Sakigake and PMDA Workload

The goal of the accelerated development pathway known as sakigake does not simply imply fast approval but rather the opportunity to engage PMDA in early and regular consultations to deeply understand the nature of the proposed innovation, Mr. Mori explained. PMDA stated that the sakigake workload created “a lot of overtime” for PMDA reviewers, and there are plans to hire 100 additional staff to cope with the workload as a result.

Health Literacy and Patient Centricity

While “literacy” is defined as the ability to read and write, “health literacy” has broader meaning. As information sources have diversified, improvements in health information literacy have introduced global challenges in both the proper use of pharmaceutical products and patient centricity. Healthcare providers and professionals often struggle to convey health information to patients as a risk minimization tool. It is already difficult to help patients better understand the effectiveness and safety information of their medical products. Medical economics touch another area of health information that experts must explain when patients have multiple treatment options at varying costs from which they can select. Debate continues on how to address varying levels of literacy in patients and what experts must do to improve health literacy. Furthermore, medical information professionals and other information providers must consider ethical and compliance implications. Momentum towards patient centricity is rapidly growing; patients’ health literacy and information providers’ awareness/efforts/behaviors are expected to improve significantly as one fundamental pillar of patient centricity in Japan.

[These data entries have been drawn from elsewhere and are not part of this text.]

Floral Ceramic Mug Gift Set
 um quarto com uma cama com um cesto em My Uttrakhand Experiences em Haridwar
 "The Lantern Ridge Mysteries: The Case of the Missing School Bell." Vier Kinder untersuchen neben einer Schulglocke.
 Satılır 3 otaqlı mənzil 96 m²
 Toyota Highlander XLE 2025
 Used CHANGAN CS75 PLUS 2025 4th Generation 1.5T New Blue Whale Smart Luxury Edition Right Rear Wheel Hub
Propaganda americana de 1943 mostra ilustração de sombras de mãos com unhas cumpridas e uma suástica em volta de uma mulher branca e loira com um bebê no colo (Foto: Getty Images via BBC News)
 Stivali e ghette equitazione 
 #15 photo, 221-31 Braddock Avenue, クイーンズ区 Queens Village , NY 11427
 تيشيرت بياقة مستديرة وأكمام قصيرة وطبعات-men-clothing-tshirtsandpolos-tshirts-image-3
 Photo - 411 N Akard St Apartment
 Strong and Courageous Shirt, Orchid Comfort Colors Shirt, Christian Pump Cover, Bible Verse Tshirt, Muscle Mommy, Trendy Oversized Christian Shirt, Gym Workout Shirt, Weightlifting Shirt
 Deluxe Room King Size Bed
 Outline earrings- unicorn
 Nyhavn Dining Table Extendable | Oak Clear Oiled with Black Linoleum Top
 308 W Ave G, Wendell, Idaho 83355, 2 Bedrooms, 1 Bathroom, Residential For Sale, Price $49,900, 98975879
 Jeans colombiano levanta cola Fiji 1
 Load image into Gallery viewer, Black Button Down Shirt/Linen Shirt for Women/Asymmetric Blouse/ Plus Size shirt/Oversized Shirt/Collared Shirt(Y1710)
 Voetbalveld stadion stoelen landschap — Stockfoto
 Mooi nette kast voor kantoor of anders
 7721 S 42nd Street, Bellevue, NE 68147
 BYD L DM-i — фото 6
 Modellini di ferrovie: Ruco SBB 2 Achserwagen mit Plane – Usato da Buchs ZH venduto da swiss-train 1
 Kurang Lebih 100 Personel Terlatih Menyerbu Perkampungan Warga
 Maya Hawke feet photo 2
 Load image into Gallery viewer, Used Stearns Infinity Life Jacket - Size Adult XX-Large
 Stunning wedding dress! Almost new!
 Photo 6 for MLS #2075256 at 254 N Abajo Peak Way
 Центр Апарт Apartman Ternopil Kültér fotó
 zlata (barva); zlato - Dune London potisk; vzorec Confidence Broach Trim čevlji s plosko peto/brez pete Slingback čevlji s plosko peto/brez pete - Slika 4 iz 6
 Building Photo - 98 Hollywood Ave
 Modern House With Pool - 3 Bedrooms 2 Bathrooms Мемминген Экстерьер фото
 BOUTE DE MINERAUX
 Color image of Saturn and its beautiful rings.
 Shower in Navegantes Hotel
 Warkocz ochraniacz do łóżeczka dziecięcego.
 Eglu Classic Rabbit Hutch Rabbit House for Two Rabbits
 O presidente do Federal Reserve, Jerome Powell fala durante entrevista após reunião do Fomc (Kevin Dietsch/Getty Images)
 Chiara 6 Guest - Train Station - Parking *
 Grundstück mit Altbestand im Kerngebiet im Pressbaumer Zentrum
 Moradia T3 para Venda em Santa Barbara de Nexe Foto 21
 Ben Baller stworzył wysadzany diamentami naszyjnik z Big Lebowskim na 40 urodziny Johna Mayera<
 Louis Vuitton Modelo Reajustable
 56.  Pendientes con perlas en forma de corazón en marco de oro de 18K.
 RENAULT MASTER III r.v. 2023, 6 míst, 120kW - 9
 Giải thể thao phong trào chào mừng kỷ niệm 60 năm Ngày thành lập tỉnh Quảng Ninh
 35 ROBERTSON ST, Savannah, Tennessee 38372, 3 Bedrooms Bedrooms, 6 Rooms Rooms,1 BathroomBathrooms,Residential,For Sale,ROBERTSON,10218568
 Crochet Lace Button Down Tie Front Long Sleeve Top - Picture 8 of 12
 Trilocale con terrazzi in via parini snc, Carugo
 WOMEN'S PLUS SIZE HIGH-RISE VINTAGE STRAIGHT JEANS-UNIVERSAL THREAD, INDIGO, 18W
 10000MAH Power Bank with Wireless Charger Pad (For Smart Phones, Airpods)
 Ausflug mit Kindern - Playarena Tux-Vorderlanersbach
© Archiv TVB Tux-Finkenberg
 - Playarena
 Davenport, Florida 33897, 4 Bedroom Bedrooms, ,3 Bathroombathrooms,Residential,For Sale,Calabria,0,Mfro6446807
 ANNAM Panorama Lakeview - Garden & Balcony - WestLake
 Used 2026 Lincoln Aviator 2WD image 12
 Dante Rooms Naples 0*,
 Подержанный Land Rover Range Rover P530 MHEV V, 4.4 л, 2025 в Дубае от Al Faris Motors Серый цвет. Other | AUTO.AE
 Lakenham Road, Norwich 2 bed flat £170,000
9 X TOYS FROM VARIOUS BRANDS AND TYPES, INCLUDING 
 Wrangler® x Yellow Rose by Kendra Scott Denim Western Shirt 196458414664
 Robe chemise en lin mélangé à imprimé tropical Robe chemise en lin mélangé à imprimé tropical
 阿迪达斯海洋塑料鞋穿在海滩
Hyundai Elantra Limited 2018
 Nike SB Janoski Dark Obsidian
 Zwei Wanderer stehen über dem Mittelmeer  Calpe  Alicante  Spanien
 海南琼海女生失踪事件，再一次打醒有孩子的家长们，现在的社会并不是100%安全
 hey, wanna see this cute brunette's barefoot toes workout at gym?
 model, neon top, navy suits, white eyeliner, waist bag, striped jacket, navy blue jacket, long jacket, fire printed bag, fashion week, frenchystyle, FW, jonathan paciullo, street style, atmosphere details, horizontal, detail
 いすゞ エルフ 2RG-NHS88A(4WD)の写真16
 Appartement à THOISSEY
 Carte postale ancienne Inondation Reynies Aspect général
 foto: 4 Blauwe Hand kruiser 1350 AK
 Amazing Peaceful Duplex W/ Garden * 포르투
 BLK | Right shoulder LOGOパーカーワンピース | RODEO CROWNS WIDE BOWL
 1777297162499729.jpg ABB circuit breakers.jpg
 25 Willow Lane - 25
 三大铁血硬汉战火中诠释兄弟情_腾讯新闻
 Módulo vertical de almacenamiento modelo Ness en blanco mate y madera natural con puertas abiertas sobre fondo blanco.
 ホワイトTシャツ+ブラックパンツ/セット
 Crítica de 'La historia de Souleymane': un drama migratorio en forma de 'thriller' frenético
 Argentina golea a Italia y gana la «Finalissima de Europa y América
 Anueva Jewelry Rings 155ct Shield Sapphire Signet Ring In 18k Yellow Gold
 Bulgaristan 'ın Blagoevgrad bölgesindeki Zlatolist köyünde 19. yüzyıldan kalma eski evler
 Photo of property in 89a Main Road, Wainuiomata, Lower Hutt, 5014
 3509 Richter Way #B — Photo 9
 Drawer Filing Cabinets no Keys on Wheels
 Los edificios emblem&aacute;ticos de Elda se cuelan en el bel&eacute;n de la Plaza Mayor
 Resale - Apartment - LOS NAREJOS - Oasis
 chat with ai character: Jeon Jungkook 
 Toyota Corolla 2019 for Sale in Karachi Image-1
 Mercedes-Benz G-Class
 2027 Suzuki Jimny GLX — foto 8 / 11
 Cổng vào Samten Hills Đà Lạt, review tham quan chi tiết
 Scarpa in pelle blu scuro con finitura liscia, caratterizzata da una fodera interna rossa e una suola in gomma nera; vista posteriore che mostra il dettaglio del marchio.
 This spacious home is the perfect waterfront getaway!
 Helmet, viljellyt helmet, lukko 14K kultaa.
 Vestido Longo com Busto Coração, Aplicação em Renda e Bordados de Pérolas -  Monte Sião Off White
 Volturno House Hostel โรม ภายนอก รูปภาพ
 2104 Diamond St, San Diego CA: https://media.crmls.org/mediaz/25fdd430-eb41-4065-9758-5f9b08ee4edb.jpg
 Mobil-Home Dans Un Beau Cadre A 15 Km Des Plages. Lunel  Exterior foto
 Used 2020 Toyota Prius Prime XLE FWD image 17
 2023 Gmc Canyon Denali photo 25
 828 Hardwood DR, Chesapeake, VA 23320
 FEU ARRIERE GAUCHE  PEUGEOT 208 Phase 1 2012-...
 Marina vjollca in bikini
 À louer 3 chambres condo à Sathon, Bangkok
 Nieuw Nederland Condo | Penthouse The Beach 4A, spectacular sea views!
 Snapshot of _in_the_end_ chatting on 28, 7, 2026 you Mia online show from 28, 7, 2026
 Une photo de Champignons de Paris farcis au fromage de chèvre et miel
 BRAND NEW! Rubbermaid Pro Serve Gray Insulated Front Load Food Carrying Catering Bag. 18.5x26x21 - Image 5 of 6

The International Coalition of Medicines Regulatory Authorities (ICMRA) met in parallel with the DIA Japan Annual Meeting and presented some elements of its ongoing work. The ICMRA Innovation Project is composed of three workstreams: 1) to investigate and research each Agency’s horizon scanning methodology; 2) to share and leverage the outcomes of horizon scanning; and 3) to discuss the latest trends in novel pathways to licensing. The final report of these workstreams will be available in March 2019.

It is now very clear, and was stated openly, that 21st century regulators see a new role for themselves as “enablers” who connect the relevant stakeholders and facilitate the development and approval of innovative products for patients – engaging in such fields as genome editing, RWD/RWE, AI and “bedside manufacturing” of cell therapy products. Their message was that disruptive technologies call for disruptive (expedited and facilitated) regulatory processes: Regulators are ready for change.